Output exactly, in the material below, the lines from the one with "Alexia A., Cowell Elementary School, Denver" through the one with "SAP HANA SPS08". Omit all pictures.
----- Material for the task
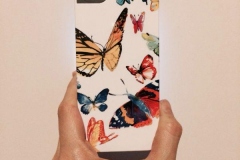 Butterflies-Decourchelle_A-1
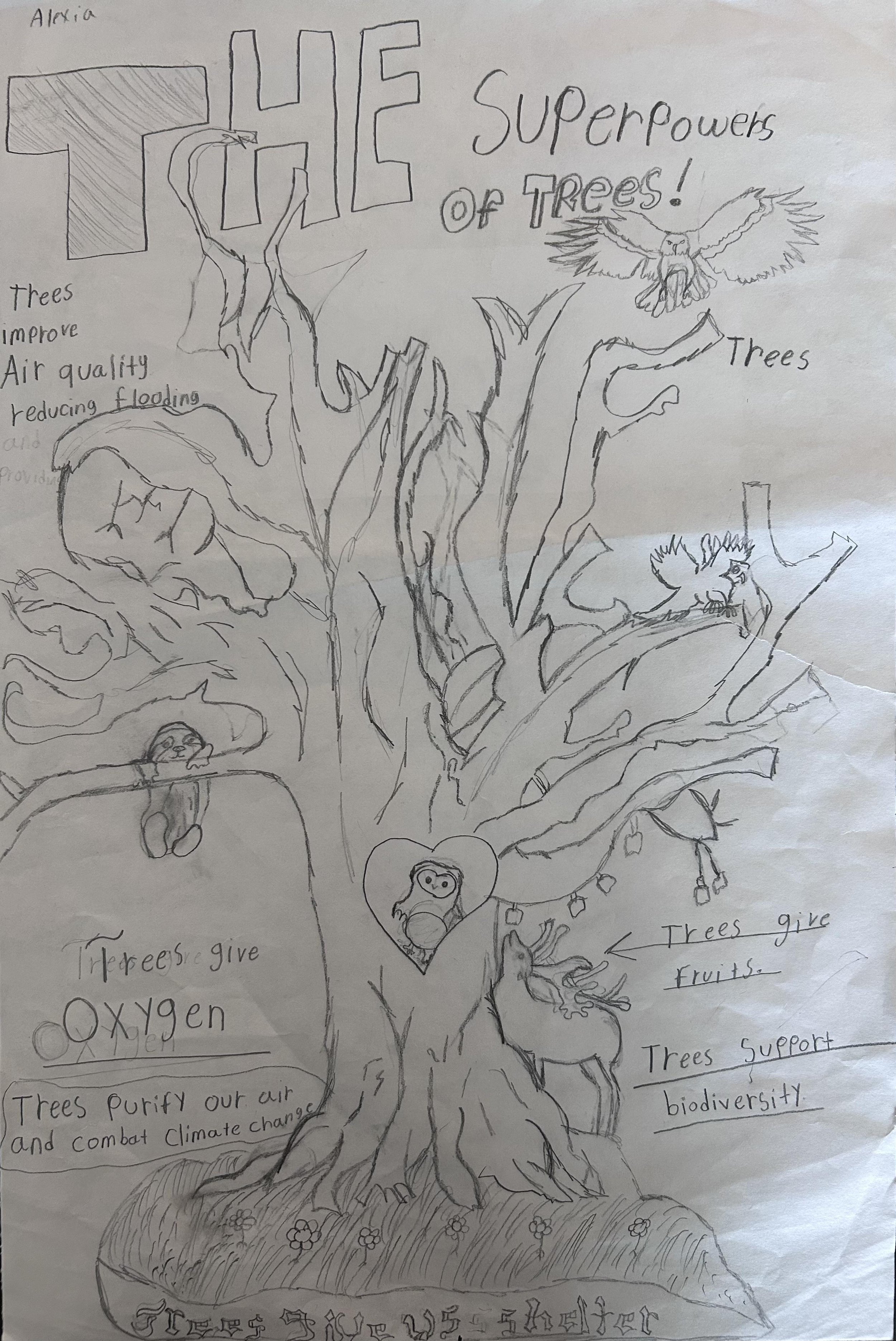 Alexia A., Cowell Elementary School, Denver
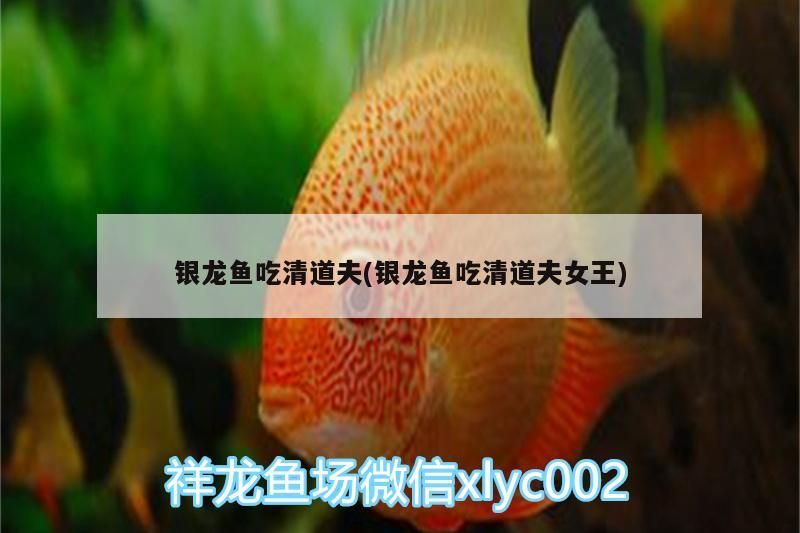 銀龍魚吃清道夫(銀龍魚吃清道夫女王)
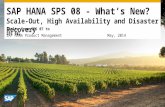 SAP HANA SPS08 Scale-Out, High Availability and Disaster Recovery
----------
----- Material for the task
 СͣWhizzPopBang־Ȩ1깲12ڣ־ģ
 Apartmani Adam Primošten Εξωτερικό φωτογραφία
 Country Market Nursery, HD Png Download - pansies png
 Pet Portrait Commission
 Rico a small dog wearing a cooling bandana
----------
- _Response to the exercise_
 Alexia A., Cowell Elementary School, Denver
 銀龍魚吃清道夫(銀龍魚吃清道夫女王)
 SAP HANA SPS08 Scale-Out, High Availability and Disaster Recovery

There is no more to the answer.